The ID for Vendors (IDFV), may be used for analytics across apps from the same content provider. The IDFV may not be combined with other data to track a user across apps and websites owned by other companies unless you have been granted permission to track by the user.

But only allows developers to use the IDFV within the context of their own app or network of apps.

What is IDFV?

The IDFV is an identifier that is unique to an iOS device and persists on any app issued to the App Store from the same developer account. The value will remain identical on different apps on the same device as long as the same developer account published the apps to the App Store.

This is unlike the IDFA value since that value will persist across any app. The IDFV is much less useful than the IDFA for this reason. However, it may soon be the only identifier available to an app developer since Apple will start requiring users to manually opt-in to allow tracking in early 2021. If a user opts out, iOS will not permit an app to read a user’s IDFA value and will only have IDFV available.

IDFV for Advertising

There are two main use cases where an app publisher and their ad partners may want to utilize IDFV.

Frequency Capping

The IDFA value is used to track the number of times a particular user saw an ad. If an app does not have access to an IDFA, it can share the IDFV with an ad partner to assist with frequency capping.

This will only facilitate frequency capping within the context of a single app or a network of apps from a single developer. The IDFA value provided advertisers with a mechanism to control the frequency users see an individual add across all apps, so this is a dramatic step backward.

At a minimum, the IDFV value will limit ad fatigue within a single developer’s ecosystem.

Audience Targeting

App owners could presumably use the IDFV value to build first-party data sets based on the actions performed by users within the context of the app owner's ecosystem.

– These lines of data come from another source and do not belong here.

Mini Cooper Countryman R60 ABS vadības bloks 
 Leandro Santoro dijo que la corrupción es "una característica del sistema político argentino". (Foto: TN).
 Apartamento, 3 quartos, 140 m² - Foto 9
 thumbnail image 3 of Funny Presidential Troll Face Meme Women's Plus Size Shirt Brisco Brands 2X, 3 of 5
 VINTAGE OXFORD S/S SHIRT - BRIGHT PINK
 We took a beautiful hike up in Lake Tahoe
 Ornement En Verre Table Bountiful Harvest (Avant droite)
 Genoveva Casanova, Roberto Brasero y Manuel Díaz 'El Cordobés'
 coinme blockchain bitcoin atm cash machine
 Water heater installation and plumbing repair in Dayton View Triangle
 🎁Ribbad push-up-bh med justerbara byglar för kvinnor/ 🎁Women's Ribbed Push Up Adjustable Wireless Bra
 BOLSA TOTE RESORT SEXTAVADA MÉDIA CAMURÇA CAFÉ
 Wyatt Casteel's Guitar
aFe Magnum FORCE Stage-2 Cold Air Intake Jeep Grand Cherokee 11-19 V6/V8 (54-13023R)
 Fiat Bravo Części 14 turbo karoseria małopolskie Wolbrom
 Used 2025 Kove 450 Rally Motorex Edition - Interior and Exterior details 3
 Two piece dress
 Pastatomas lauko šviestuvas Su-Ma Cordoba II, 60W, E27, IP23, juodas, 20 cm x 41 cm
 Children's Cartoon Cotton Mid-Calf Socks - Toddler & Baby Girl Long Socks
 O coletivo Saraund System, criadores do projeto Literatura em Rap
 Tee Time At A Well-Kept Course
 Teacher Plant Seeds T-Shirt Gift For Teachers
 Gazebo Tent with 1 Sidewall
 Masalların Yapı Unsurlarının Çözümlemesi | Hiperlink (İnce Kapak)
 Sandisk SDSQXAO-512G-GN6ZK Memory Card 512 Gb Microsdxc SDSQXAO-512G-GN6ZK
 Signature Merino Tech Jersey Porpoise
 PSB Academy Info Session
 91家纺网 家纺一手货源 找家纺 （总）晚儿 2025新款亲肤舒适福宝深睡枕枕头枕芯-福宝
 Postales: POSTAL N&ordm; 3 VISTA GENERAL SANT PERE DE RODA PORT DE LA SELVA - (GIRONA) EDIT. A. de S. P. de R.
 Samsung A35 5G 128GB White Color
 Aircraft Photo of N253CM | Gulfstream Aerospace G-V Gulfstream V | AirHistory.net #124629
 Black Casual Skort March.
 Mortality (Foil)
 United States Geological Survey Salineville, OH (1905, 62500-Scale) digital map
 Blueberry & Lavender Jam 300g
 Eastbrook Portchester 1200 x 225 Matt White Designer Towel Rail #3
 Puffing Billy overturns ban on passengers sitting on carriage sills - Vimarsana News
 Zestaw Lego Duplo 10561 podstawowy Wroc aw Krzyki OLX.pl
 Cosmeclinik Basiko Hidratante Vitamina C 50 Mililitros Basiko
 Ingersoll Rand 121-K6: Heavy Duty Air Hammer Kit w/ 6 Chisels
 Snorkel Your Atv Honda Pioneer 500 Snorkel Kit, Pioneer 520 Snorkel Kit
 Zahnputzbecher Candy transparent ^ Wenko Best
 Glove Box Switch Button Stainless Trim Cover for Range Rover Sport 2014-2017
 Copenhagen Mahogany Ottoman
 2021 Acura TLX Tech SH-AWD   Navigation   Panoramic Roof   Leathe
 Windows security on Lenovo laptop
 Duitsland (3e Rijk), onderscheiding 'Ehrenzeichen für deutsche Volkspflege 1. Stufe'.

A developer could pipe IDFV values to a DMP and organize them based on actions performed in their app as long as they are not connected to data collected fr0m any other third party.

For example, if a user is constantly browsing content related to power tools within an app, an app owner could place the IDFV in a “power-tool-lover” segment on their DMP. The app owner could push this segment to their ad server or SSP and sell inventory targeted to “power-tool-lover” users to a power tool advertiser.

Even though this use case is technically possible, it could be a risky business decision since Apple could decide to restrict this use case in the future.

Encouraging users to log in and subsequently assigning a proprietary identifier to that login might be the more prudent strategic business decision since Apple could not limit the usage of that identifier. Publishers can then build out custom first-party data sets using this PPID (publisher-provided identifier) for audience ad targeting.

The inevitable demise of the IDFA inches closer every day, and the ID for Vendors (IDFV) could function as a replacement to power some advertising functionality. However, when Apple's AppTracking Transparency framework goes live, developers will still have to implement SKAdNetwork to power app install tracking. Third-party data targeting based on IDFA will no longer offer the scale advertisers expect.

The times they are a-changin', and developers and advertisers will have to continue adapting to Apple’s new and more private world.